下田市と同大は2016(平成28)年度から包括的地域連携協定を結び、学校での英語授業支援や黒船祭での米海軍水兵と小学生の交流支援などを続けてきた。今回の下田公演は「子どもたちに本物の芸術を体験してほしい」との思いから初めて実施した。
8月30日・31日の一般公演では、「飛んで孫悟空」「黒ねこのサンゴロウ」の演目を、それぞれ1本ずつを午前・午後に分けて上演した。学生36人が中心となり、出演や舞台監督から、照明、音響、ヘアメークまで、全てを手がけた。2日間の4公演には延べ500人以上が来場し、学生たちの熱演に拍手を送った。

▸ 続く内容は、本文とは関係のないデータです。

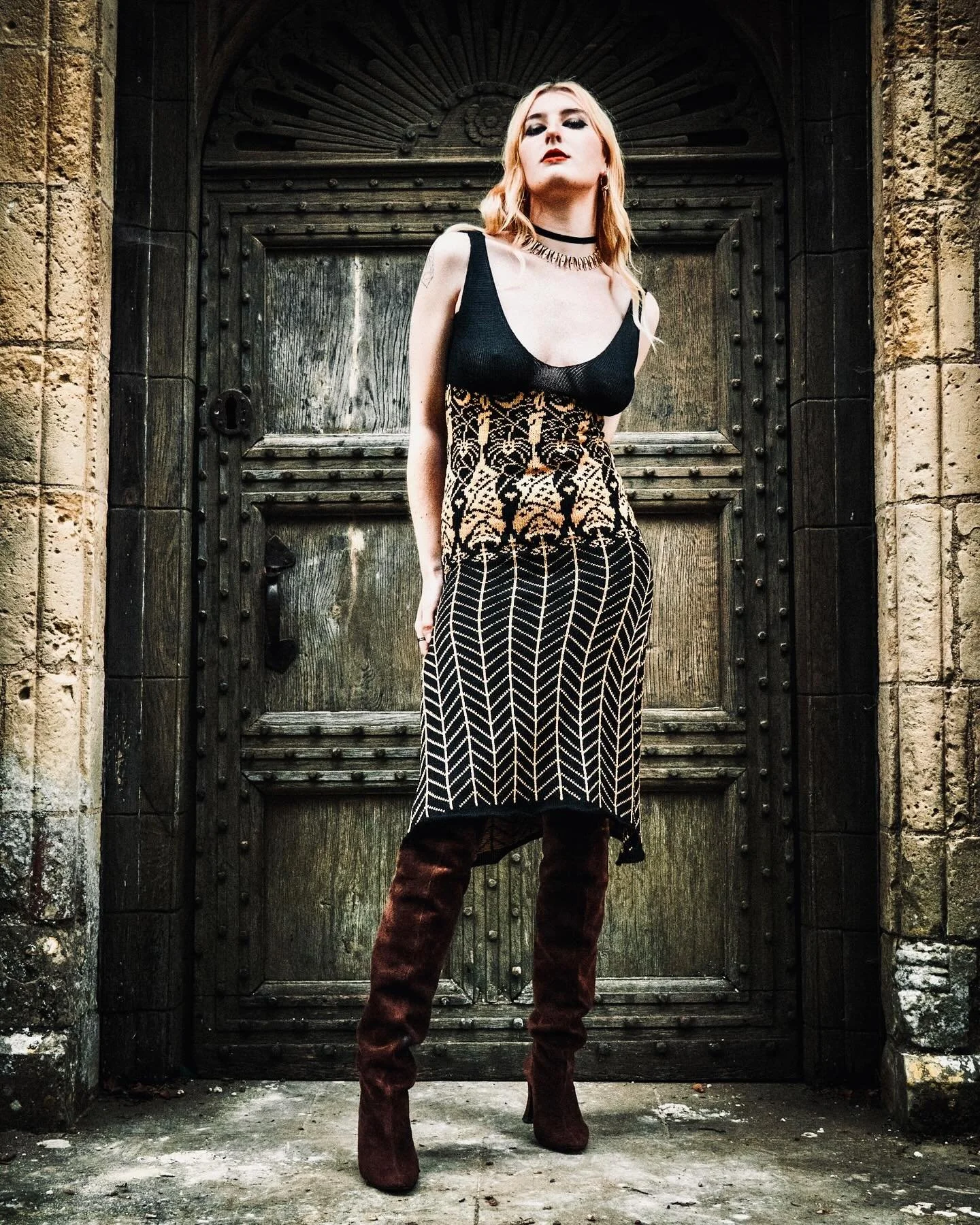 GORGEOUS 🔥🔥 and the dress!! 🦇🦇
My Dreaming Bats Dress knitted Dress in black &amp; gold merino is still available 🖤🖤
Link in bio to have a peek 😻

@thisisryansframe 📷
@_char_wool &hearts;️&hearts;️

#handmade #artist #artisanmade #artisnaltex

9月2日には大賀茂小学校の児童42人が、宮沢賢治原作の「バナナン大将と菓子の勲章」を観劇した。物語は、戦場で空腹を抱えるバナナン軍団の兵士たちが、大将の体に飾られた菓子の勲章を食べようとたくらむ、というユーモラスな内容。劇中には「開国キャラメル最中」など下田で人気の菓子も登場したほか、人気アニメの要素を取り入れた演出もあり、児童たちは終始笑顔で楽しんでいた。
観客席の椅子ではなく舞台上に座って間近で鑑賞できるよう工夫し、児童が登場人物と一緒に体操する場面も盛り込まれた。子どもたちは迫力ある演技に笑ったり驚きの声を上げたりしながら、舞台を楽しんでいた。
観劇した児童からは「演技や動きがすごかった」「勲章を食べちゃうなんて面白かった」などの感想が聞かれた。